**Data provided:**
......

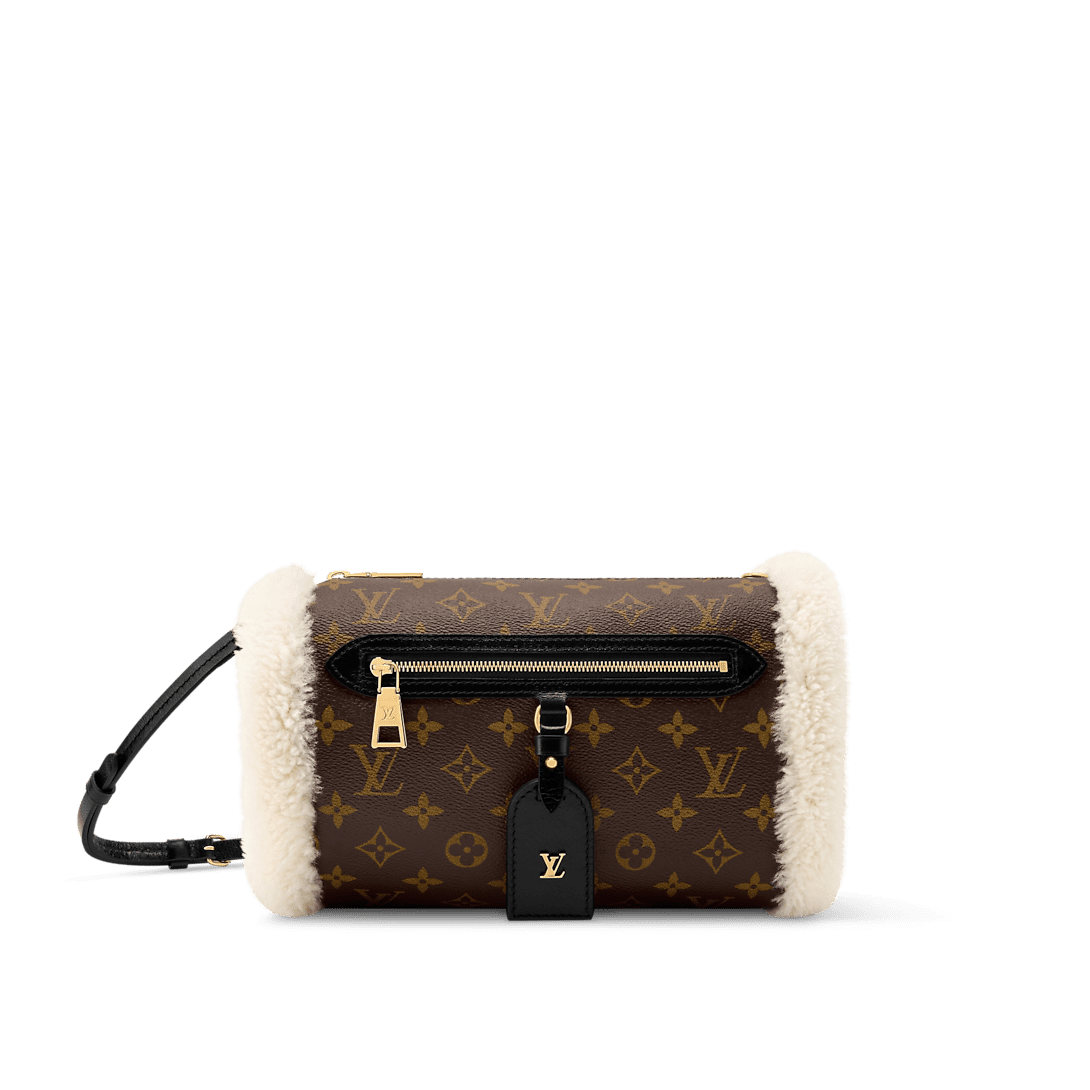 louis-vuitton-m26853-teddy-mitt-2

......

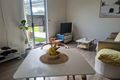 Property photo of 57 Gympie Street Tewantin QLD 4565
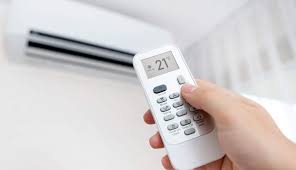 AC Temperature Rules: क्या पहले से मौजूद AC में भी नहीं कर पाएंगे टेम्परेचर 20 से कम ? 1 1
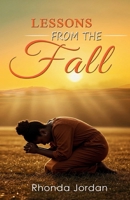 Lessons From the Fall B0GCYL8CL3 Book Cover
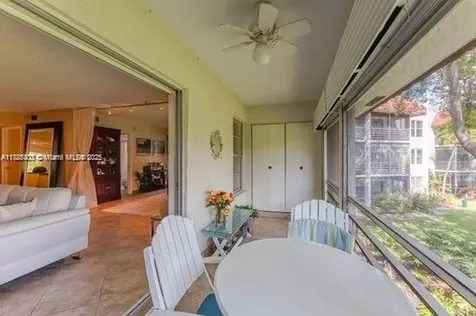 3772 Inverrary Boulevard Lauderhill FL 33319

......

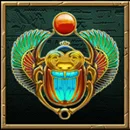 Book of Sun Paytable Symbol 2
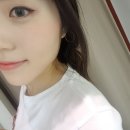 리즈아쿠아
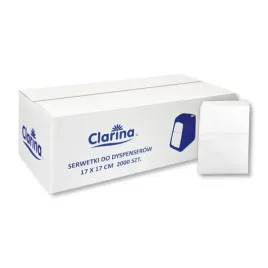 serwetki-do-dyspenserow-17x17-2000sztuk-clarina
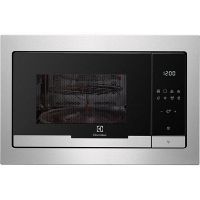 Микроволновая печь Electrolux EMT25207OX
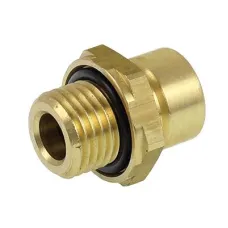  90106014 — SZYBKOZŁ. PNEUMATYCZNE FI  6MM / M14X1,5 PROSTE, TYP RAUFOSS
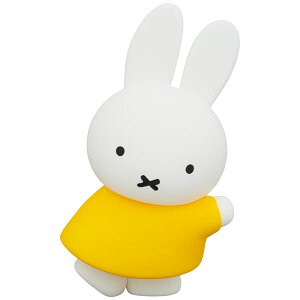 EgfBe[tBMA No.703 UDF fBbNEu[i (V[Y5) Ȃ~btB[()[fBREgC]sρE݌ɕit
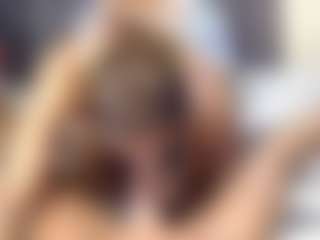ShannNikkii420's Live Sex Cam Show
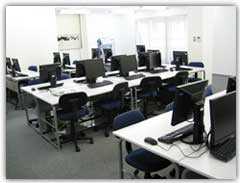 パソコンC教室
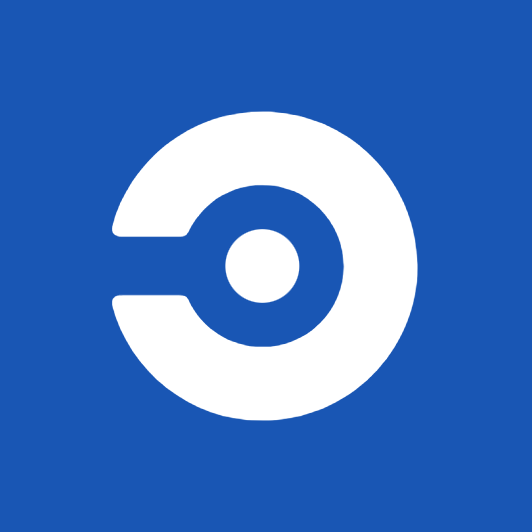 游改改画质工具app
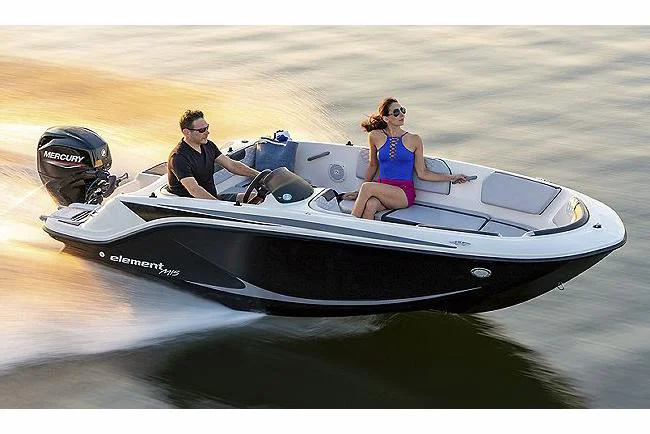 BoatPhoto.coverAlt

......

**About this exercise:** With the pictures left out, write out exactly the lines above from the one containing "serwetki-do-dyspenserow-17x17-2000sztuk-clarina" through the one containing "BoatPhoto.coverAlt".

**Exercise solution:**
 serwetki-do-dyspenserow-17x17-2000sztuk-clarina
 Микроволновая печь Electrolux EMT25207OX
  90106014 — SZYBKOZŁ. PNEUMATYCZNE FI  6MM / M14X1,5 PROSTE, TYP RAUFOSS
 EgfBe[tBMA No.703 UDF fBbNEu[i (V[Y5) Ȃ~btB[()[fBREgC]sρE݌ɕit
ShannNikkii420's Live Sex Cam Show
 パソコンC教室
 游改改画质工具app
 BoatPhoto.coverAlt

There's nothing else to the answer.